# My zoo...



## Izzed (Oct 7, 2009)

I have quite a few animals, some at my house, some at my Mom's, and some at my birth dad's. I have divided them up by where they are.

My House:
Muffin, Miichi, and Dakota - the cats. They belong to my boyfriend's family. Muffin is a short-haired brown/grey tabby. She's fairly obese. Miichi is our teeny 6mo Petland Siamese (that the bf's sis got a major lecture for after bringing her home as the animal rescue I work with has a TON of kittens that need homes and she bought one from a pet store...) who looks underweight but it just poorly bred and skinny. Dakota is our tomcat. He's a gorgeous grey with white points/belly. He's also the only long-haired cat here.
Meeks - This is an old pic from when I first brought him home. He is a lot bigger and less shiny than he used to be (due to losing fur from Cushings)
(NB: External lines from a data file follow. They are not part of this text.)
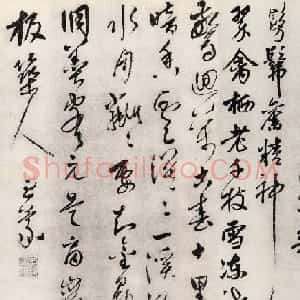 赵孟頫外孙王蒙行草书《梦梅花诗卷》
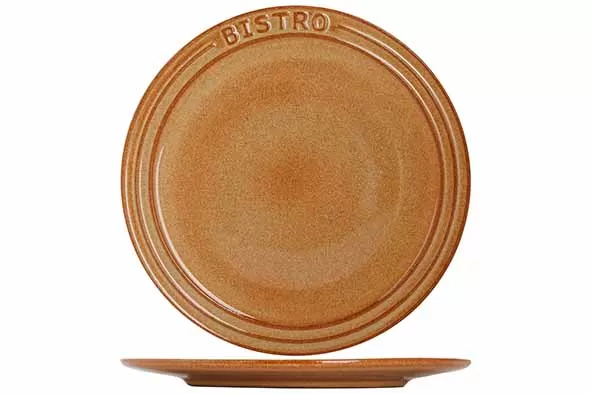 Тарелка мелкая d 27,5 см h 2 см, Bistro Mustard Yellow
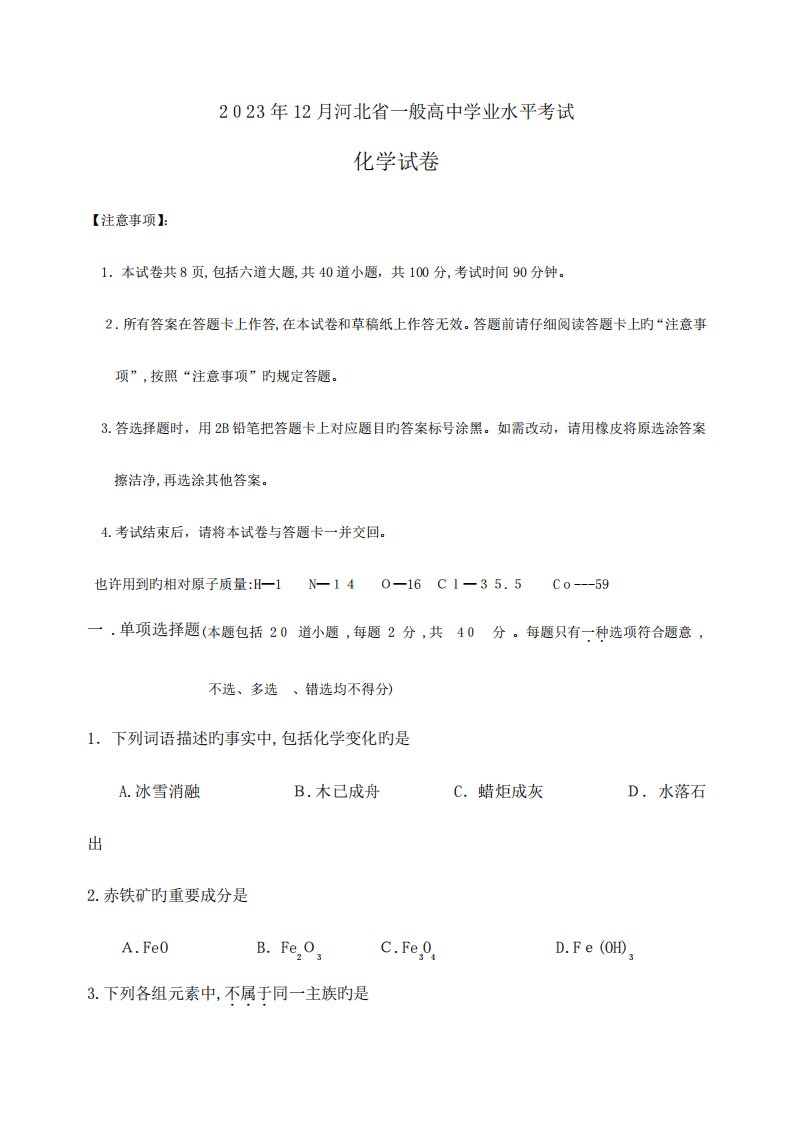 2023年份河北省高中学业水平考试化学试卷含答案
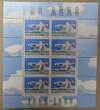 Schweiz Jahresmappe 1988 postfrisch MiNr. Jahresmappe 1988 postfrisch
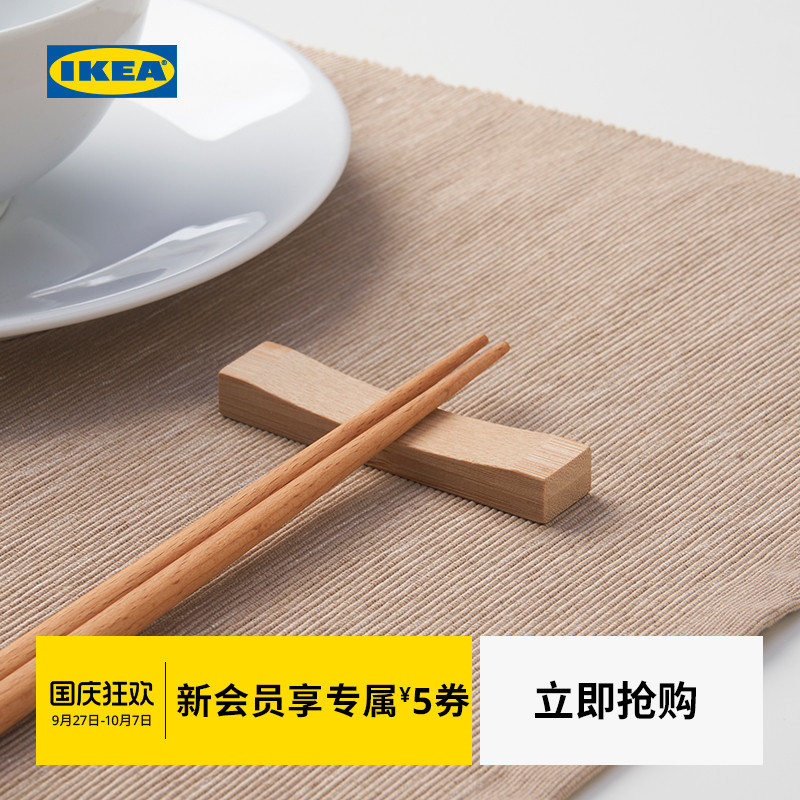 IKEA宜家TEJSTEFISK塔斯菲斯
Thèoden - Theo is my newest addition. He's up for adoption through the small animal rescue I work with.








Pecan Pie and Pistachio Ice Cream - my Roborovski's dwarf hamsters.









At my Mom's:
Vance & Cupid - my mom's beta fish. Vance lives beside the TV and Cupid lives in the kitchen. They're both blue/red/purple.
Tucker & Peewee - our pb Miniature Pinschers. P has the floppy ears, Tuck has the stand-up ears. Tucker is my baby and I miss him, but I couldn't separate the two. I'll take Tuck when I get a place where no one has cats and my mom will probably want me to take P as well.









At my Dad's:
Waylon, Bekkah, and Sadie - the dogs. Waylon is a pb Golden Retriever, Bekkah is a Great Pyrenese/White German Shepherd cross and our Parvo survivor, Sadie is a Lab/Samoyed that looks like a wolf.
Sparky, Six-toes, and the kittens - barn cats. Sparky is our momma cat, six-toes WAS the father (we got him neutered) and she had 5 kittens.
The Horses - I won't list them all as we run a rescue and have horses coming/going all the time. There are about 20 there right now, not including the boarders.


----------